◆ Work to be completed: Since only the written part is wanted, repeat the records exactly and omit the pictures.

◆ Raw data:
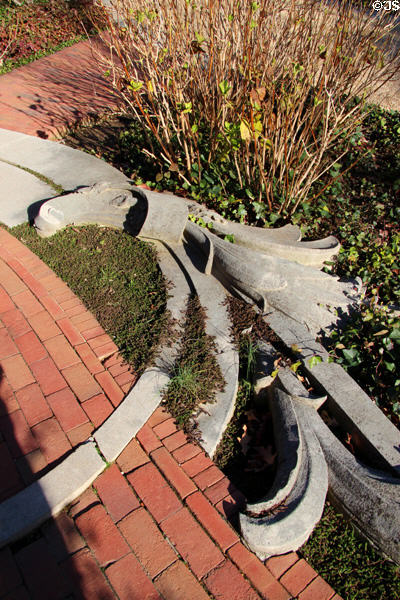 Walkway designs at Dumbarton Oaks. Washington, DC.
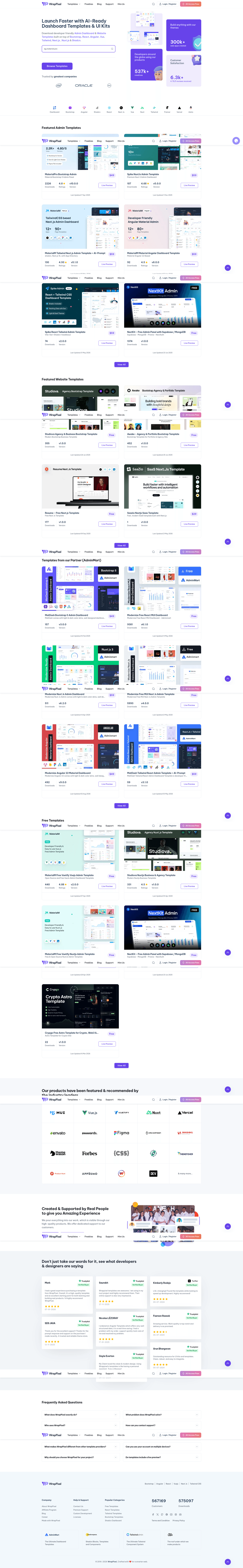 screenshot of Matrix Admin Bootstrap 5 on template0.com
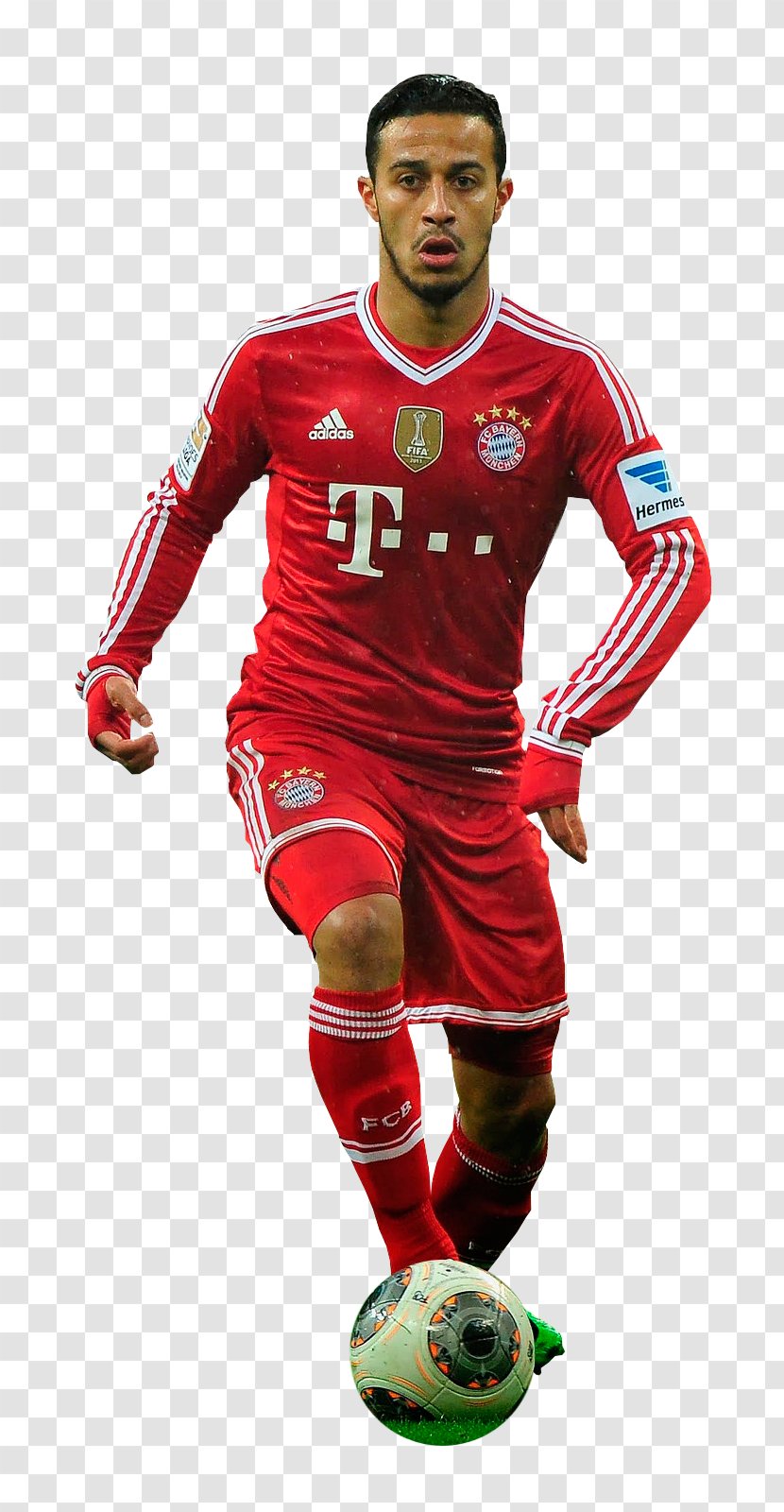 Thiago Alcántara FC Bayern Munich Jersey Football Player - Soccer Transparent PNG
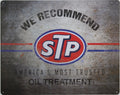 STP Oil Treatment Motor Lubricant Tin Metal Sign for Garage Decor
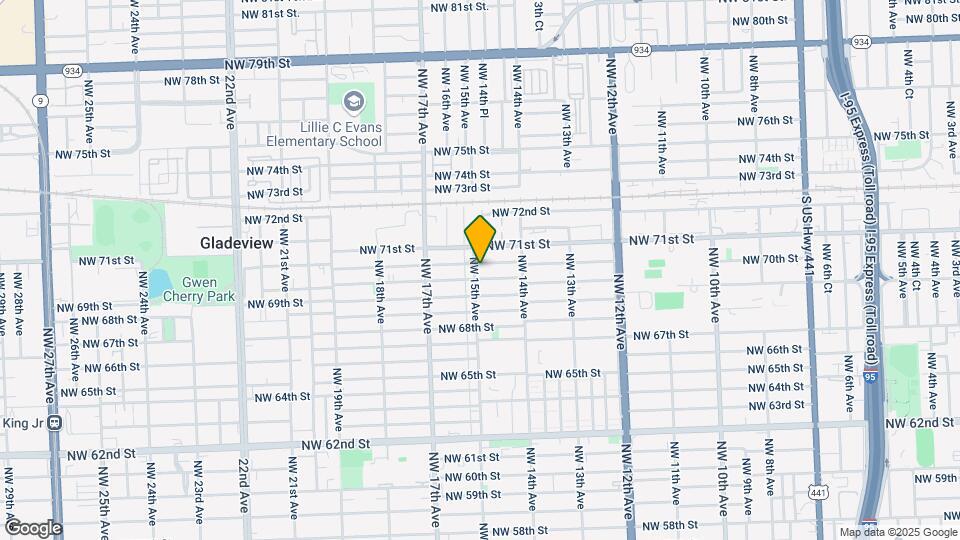 6955 NW 15th Ave Map and Location Details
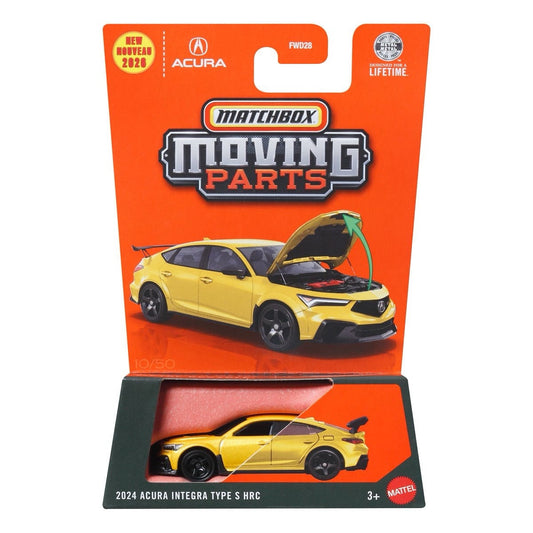 Matchbox - Acura Integra Type S HRC 2024 - Pièces mobiles - Échelle 1/64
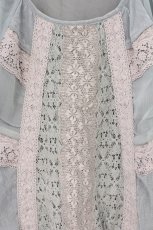 画像2: axes femme / フロントレーストップス M ミント O-26-05-02-090-AX-TO-IG-OS (2)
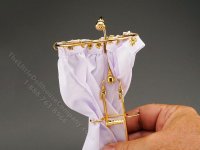 (image for) Miniature Victoria Pattern Shower with Curtain for Dollhouses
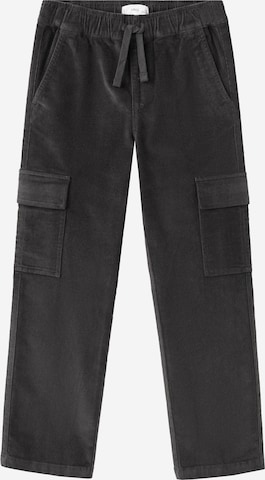 MANGO KIDS Regular Housut 'LUKE' värissä harmaa: etupuoli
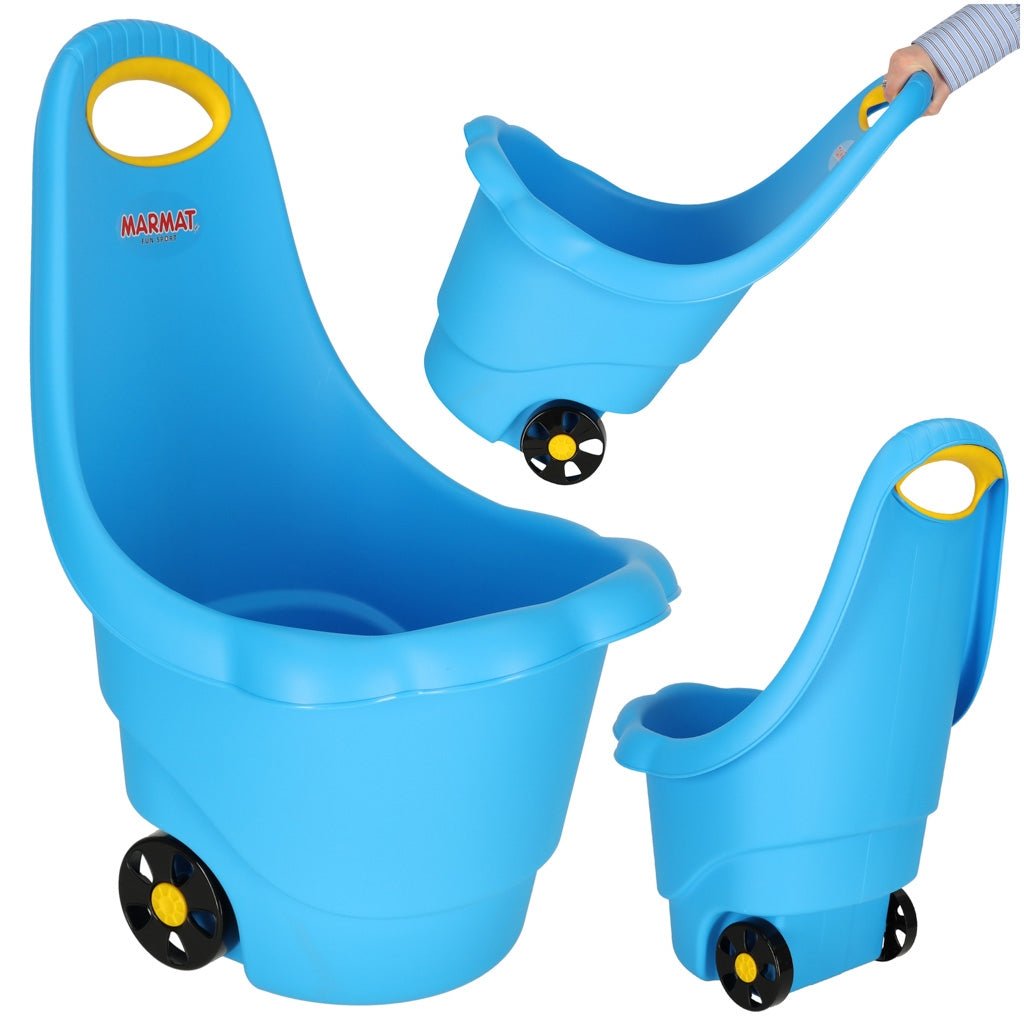 Children's multifunctional container wheelbarrow trolley container daisy blue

◆ Written response:
 Walkway designs at Dumbarton Oaks. Washington, DC.
 screenshot of Matrix Admin Bootstrap 5 on template0.com
 Thiago Alcántara FC Bayern Munich Jersey Football Player - Soccer Transparent PNG
 STP Oil Treatment Motor Lubricant Tin Metal Sign for Garage Decor
 6955 NW 15th Ave Map and Location Details
 Matchbox - Acura Integra Type S HRC 2024 - Pièces mobiles - Échelle 1/64
 画像2: axes femme / フロントレーストップス M ミント O-26-05-02-090-AX-TO-IG-OS (2)
 (image for) Miniature Victoria Pattern Shower with Curtain for Dollhouses
 MANGO KIDS Regular Housut 'LUKE' värissä harmaa: etupuoli
 Children's multifunctional container wheelbarrow trolley container daisy blue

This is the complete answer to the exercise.